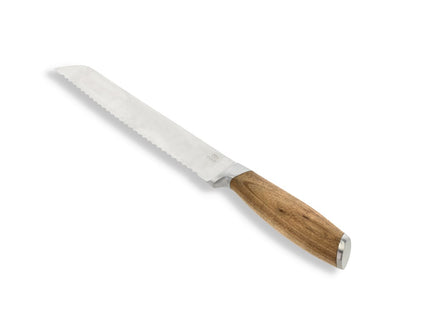 Brødkniv 33 cm Rustfrit stål/Akacie - 6 stk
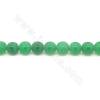 Heated Matte Tibetan Dzi Agate Beads Strand Round Diameter 8mm Hole 1.2mm Length 39~40cm/Strand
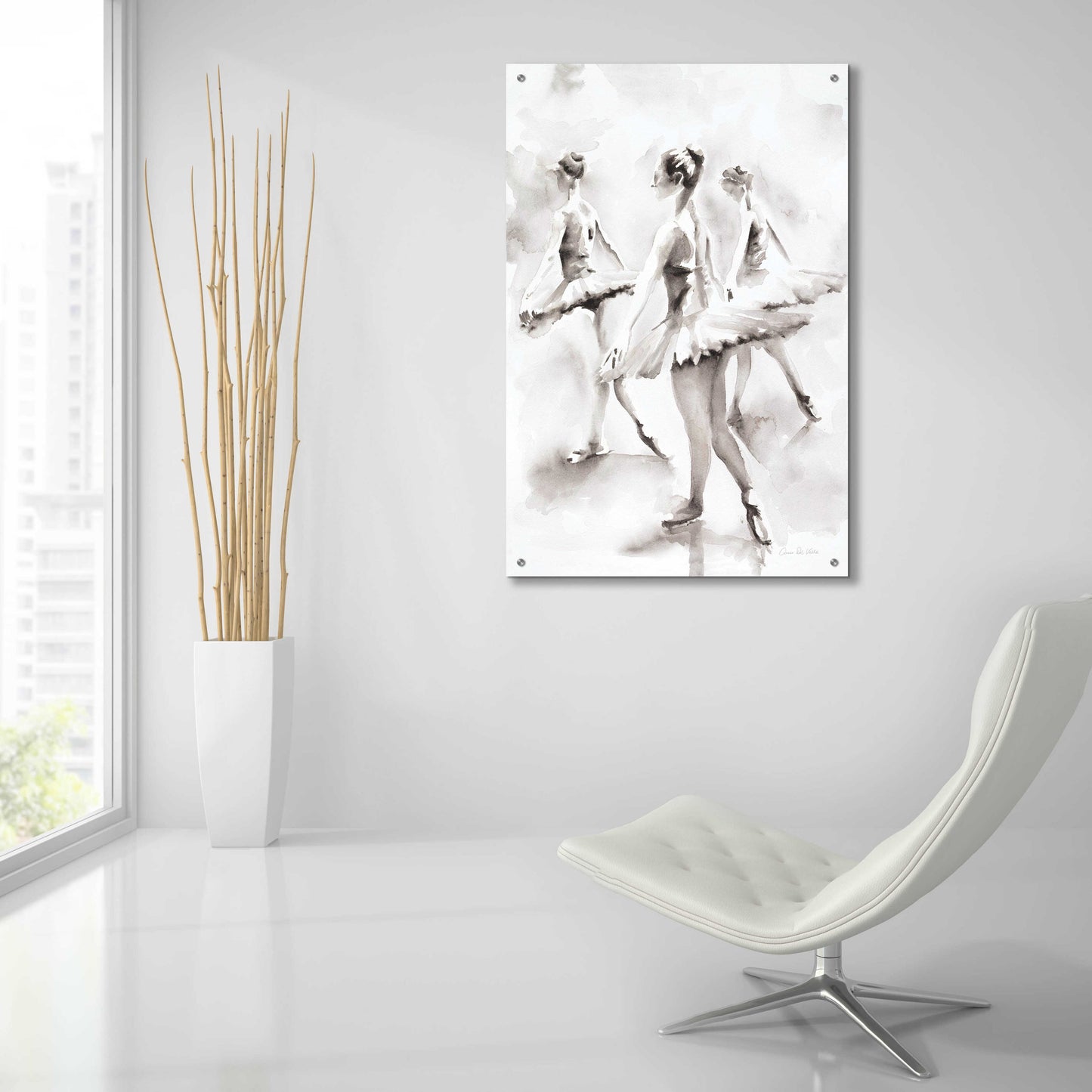 Epic Art 'Three Ballerinas' by Aimee Del Valle, Acrylic Glass Wall Art,24x36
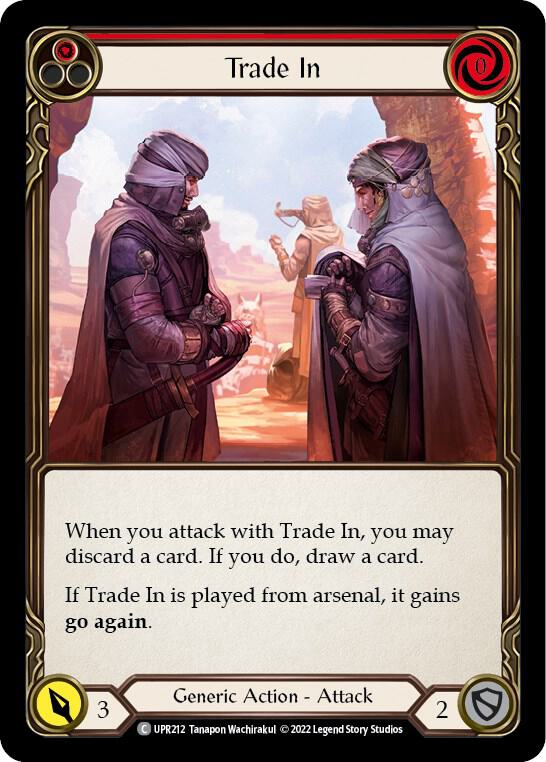 Flesh & Blood TCG Uprising Trade In (Red) UPR212 Common Near Mint Rainbow Foil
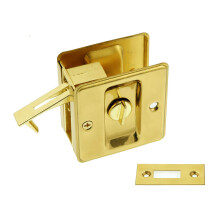 idh by St. Simons 25411-3NL Premium Quality Solid Pocket Privacy Door Pull  Polished Brass No Lacquer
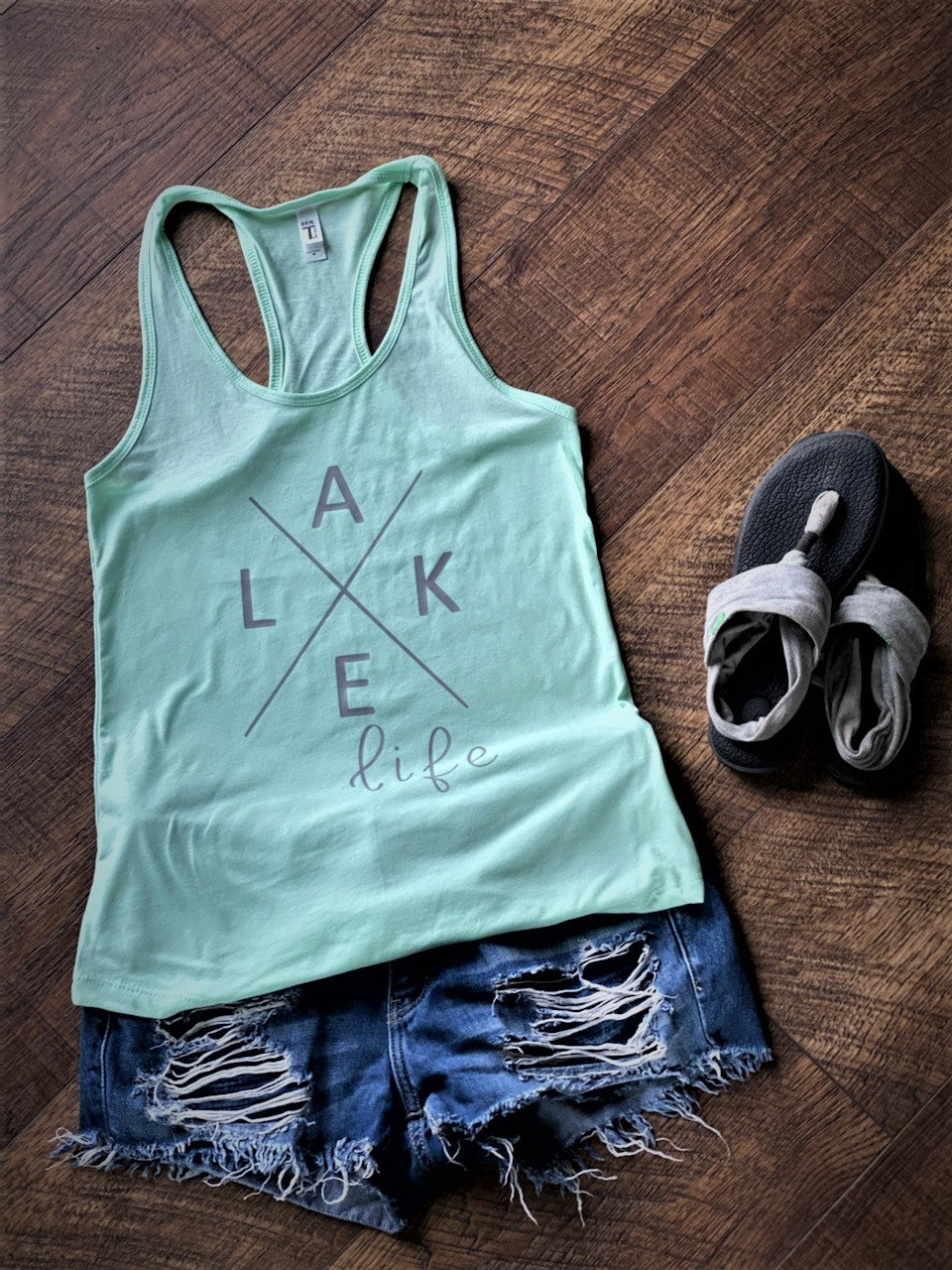 Lake Life Racerback Tank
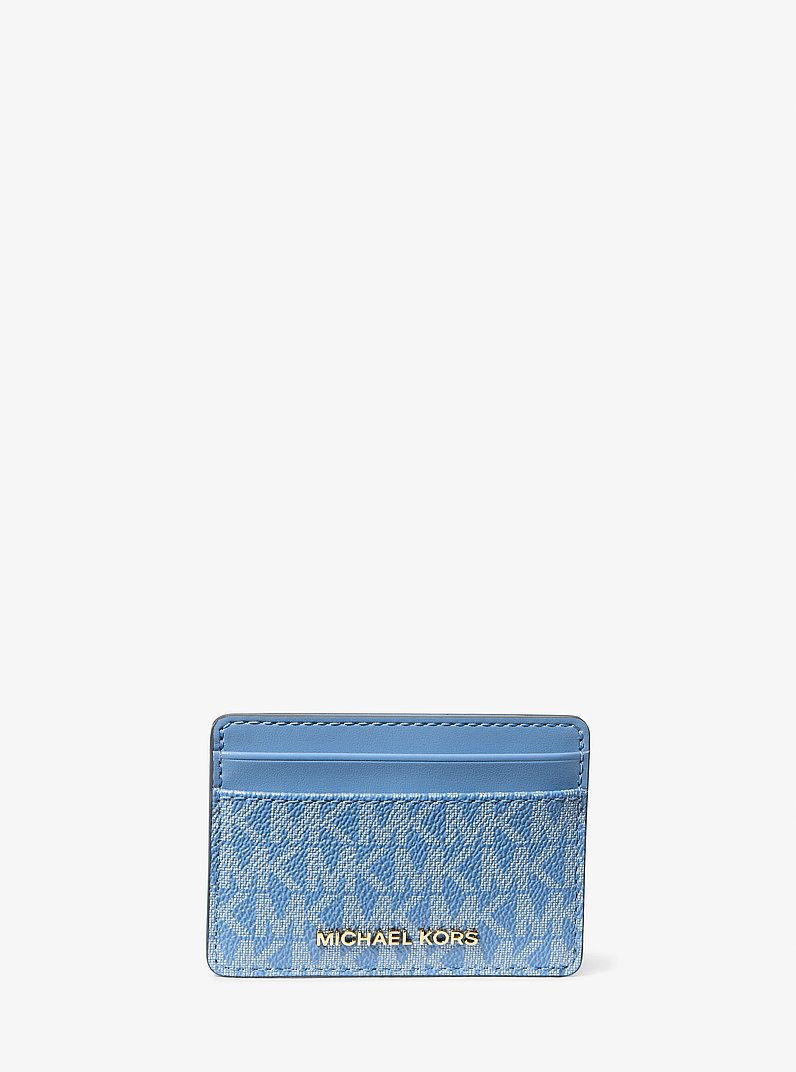Tarjetero Jet Set con logotipo in AZUL FRANC&Eacute;S | Michael Kors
====
Goal of the exercise: Without including a single picture, restate all of the data word for word.

Task answer:
 Brødkniv 33 cm Rustfrit stål/Akacie - 6 stk
 Heated Matte Tibetan Dzi Agate Beads Strand Round Diameter 8mm Hole 1.2mm Length 39~40cm/Strand
 Epic Art 'Three Ballerinas' by Aimee Del Valle, Acrylic Glass Wall Art,24x36
 Flesh & Blood TCG Uprising Trade In (Red) UPR212 Common Near Mint Rainbow Foil
 idh by St. Simons 25411-3NL Premium Quality Solid Pocket Privacy Door Pull  Polished Brass No Lacquer
 Lake Life Racerback Tank
Tarjetero Jet Set con logotipo in AZUL FRANC&Eacute;S | Michael Kors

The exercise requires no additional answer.